Pascal Smet, the regional foreign affairs minister for the Belgian capital Brussels, has resigned after igniting a political firestorm by issuing invitations to delegates from Russia and Iran to attend an urban growth summit.
Smet, a member of the Flemish socialist party Vooruit, was criticized in Belgium for inviting the ultra-conservative Tehran mayor, Alireza Zakani, as well as 14 Iranian officials to the Brussels Urban Summit. Smet also extended invitations to two Russian delegates from Kazan to the convention, which ran from June 12 to 15.
“I have decided to resign,” Smet said at a news conference on Sunday. He also claimed that it had been a “mistake” for the Brussels government to fund the all-expenses-paid trips.

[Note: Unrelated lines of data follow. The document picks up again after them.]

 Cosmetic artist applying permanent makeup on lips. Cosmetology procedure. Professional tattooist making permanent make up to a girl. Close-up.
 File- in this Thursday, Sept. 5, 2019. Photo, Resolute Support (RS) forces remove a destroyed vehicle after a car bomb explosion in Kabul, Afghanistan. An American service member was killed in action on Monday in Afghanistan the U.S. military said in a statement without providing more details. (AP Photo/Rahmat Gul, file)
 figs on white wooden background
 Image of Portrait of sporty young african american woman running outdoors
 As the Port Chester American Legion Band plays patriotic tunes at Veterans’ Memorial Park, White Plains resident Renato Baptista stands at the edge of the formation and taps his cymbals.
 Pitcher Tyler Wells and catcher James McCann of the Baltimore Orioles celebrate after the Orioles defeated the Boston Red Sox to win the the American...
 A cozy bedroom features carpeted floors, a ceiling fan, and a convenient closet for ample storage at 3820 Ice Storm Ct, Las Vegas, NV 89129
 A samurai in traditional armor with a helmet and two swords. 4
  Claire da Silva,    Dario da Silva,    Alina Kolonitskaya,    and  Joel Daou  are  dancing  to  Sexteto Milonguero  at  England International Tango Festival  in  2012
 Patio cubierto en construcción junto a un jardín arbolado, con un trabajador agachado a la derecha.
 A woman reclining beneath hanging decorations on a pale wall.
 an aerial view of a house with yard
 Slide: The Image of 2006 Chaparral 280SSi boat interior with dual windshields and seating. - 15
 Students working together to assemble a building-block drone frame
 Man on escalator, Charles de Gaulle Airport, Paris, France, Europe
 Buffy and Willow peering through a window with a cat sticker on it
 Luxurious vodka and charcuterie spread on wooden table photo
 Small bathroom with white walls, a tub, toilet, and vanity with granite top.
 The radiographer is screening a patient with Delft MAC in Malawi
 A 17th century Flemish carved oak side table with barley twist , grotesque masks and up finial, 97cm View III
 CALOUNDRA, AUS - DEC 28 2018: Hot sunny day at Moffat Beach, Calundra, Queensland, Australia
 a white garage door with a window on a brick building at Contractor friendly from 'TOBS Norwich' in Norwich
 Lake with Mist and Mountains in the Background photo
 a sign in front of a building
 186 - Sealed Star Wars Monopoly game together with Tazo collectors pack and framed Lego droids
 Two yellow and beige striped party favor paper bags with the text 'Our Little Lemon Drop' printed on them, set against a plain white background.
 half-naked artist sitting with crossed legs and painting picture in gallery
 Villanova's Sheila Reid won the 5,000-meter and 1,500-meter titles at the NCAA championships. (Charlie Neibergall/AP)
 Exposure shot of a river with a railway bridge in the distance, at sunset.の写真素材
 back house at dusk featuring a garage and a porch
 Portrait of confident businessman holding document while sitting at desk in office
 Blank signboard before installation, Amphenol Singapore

“With Belgian money, we’re paying for hotel nights for the Iranian mayor and a Russian representative – this is unacceptable,” Smet said. He blamed the situation on an “employee [who] made the wrong call,” and said he had asked the organizers of the event to “bear these costs.”
Smet told the Brussels parliament last week that he had had no contact with the Iranians at the summit, and that he would have withdrawn the invitation had he been notified of objections by Belgian lawmakers. However, he was met with criticism from members of his own party as well as opposition politicians, ostensibly for failing to request an explanation from the Tehran officials for perceived abuses conducted by Iran.
Meanwhile, Belgium’s foreign affairs minister, Hadja Lahbib, is also facing calls to resign after her ministry granted visas to the Iranian and Russian visitors. The scandal came not long after Belgian NGO worker Olivier Vandecasteele was released from prison in Iran.
Vandecasteele had been accused in February of last year of spying and was sentenced in January to 40 years in prison and 74 lashes. He was released in a prisoner exchange arrangement which also saw Iranian national Asadollah Assadi return to Iran. Assadi was sentenced to 20 years in prison in 2021 in connection with a failed bomb plot in France.
Both countries claimed that the charges against their citizens were spurious.